A $100 million expansion to McCain Foods’ potato processing operation in Burley, Idaho, announced in August, has taken another step forward with action by the Burley City Council Monday.
The City Council passed a resolution to begin the process of designating a deteriorated area to form a fourth urban renewal area for the Burley Development Authority (BDA) in the vicinity of McCain’s expansion. It also passed a resolution for a finding of fact on the need to establish a new urban renewal area and to designate boundaries for the area, said Melanie Haynes, Burley city clerk.
The city’s actions were needed to create a new revenue allocation area for the urban renewal district, which allows BDA to put an incentive package together and the city to compete for McCain’s project, said Doug Manning, Burley economic development director.
The BDA will be working with Cassia County to designate money for the project and is waiting on engineering estimates. The money will mostly be used for electrical upgrades and public infrastructure and possibly rail enhancement, he said.
Manning said he doesn’t yet know what will qualify in the incentive package or how long it will take to put it together but it was part of negotiations with McCain to expand in the area.
Burley City Administrator Mark Mitton said the process is just beginning but it would take 60 to 90 days after the start of the new year to form a new urban renewal area.

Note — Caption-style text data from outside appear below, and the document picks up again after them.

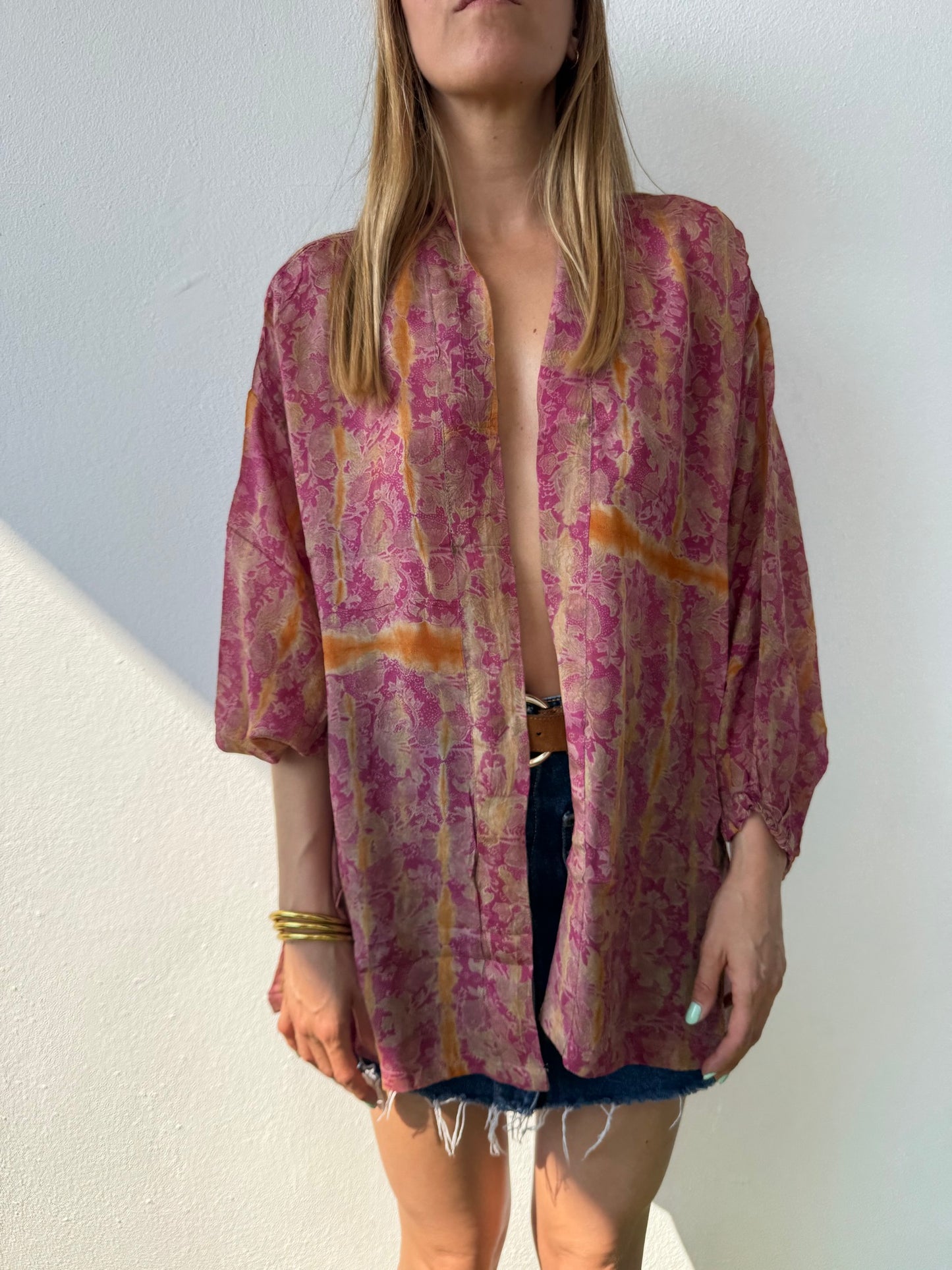 Silk Tie Dye Cardigan n.16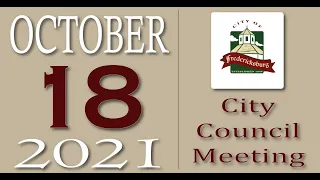City of Fredericksburg, TX - Regular City Council Meeting - Monday, October 18, 2021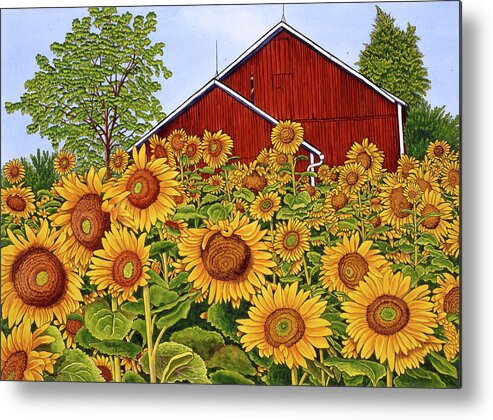 Summer Sunshine Metal Print featuring the mixed media Summer Sunshine by Thelma Winter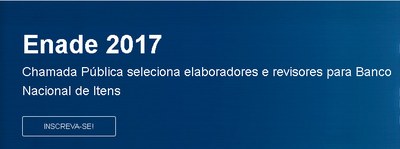 INEP divulga Edital do Cadastro de Elaboradores e Revisores de Itens da Educação Superior para realização do ENADE 2017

McCain has been talking about an expansion at the plant for the past couple of years, but negotiations with the city began last spring. The company employs more than 500 workers, and the expansion is expected to add another 100 to 130, he said.
“It’s a good deal for the whole area, more employees, more opportunity for growers. They’ve been here a long time, we know them, they do a good job, and we’re excited about it,” Mitton said.

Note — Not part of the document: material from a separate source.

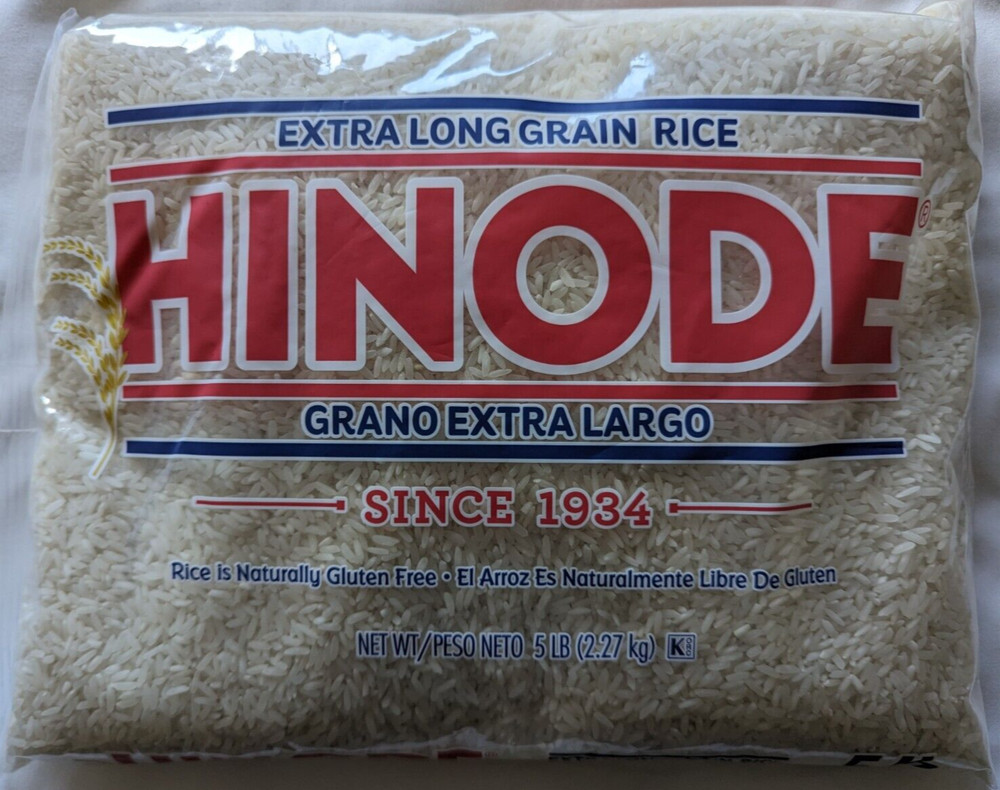 Hinode Extra Long Grain White Rice - 5 pound bag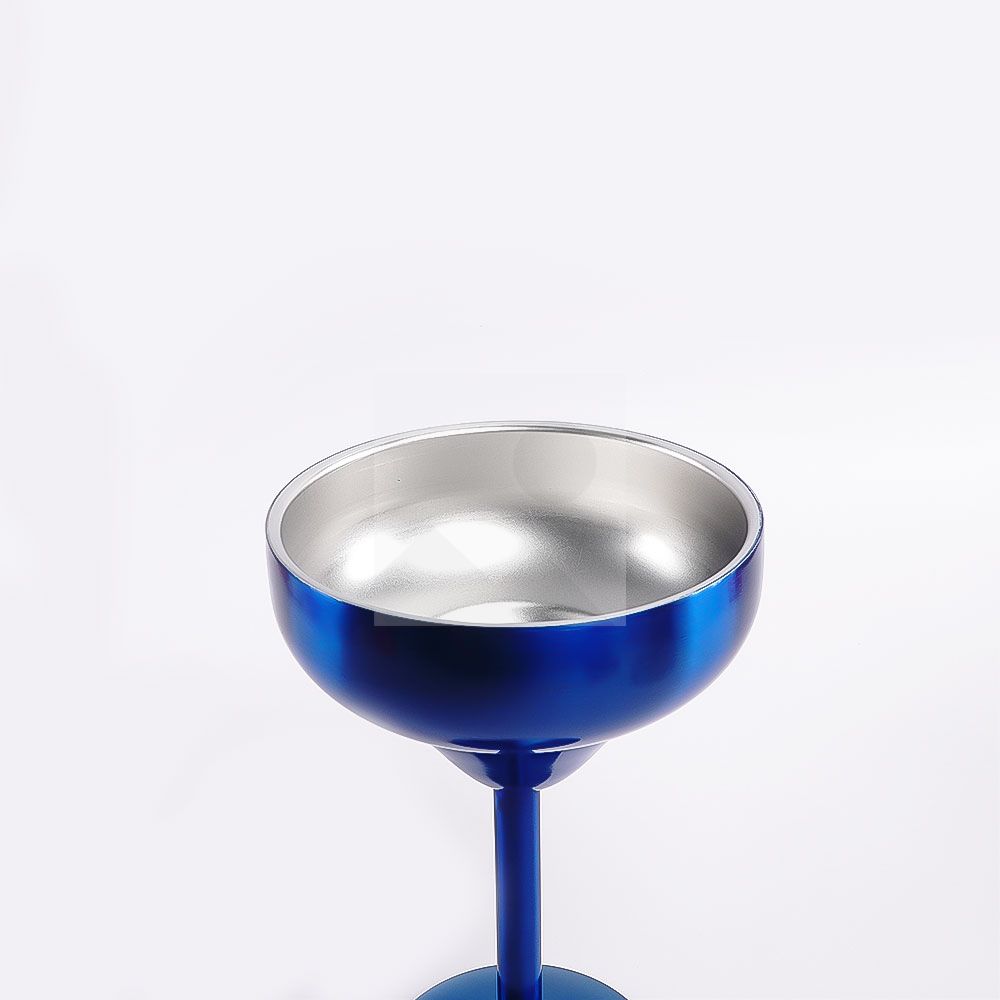 Vacuum sealed metal Margarita Glass with lid 290ml/240ml insulated flat cup steel cup for vacation pool and beach Cold Mugs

In August, McCain announced it will invest in a new building and a third production line at its operations just west of Burley. The company expected the new third line to be operational at the end of 2015 and said the original plant, built in the 1960s, would continue production during the expansion.
Frank van Schaayk, McCain’s regional president for the Americas, said the expansion is the result of increasing demand for potato products from customers nationwide.
The investment in the Burley plant is due to the area’s strong potato grower community, highly capable workforce and tremendous support for the local and state government, he said in August.
The expansion will add a number of employees at the plant, and McCain will buy more potatoes locally when the new production line is operational, plant manager Jeff McCray said in August.
McCain Foods is the leading supplier of frozen potatoes and snack food products for the foodservice market and also supplies retail grocery chains with both McCain and private label potato products.
The matter of a new urban renewal area will go through public hearings and notification to neighbors before it could be approved, Haynes said.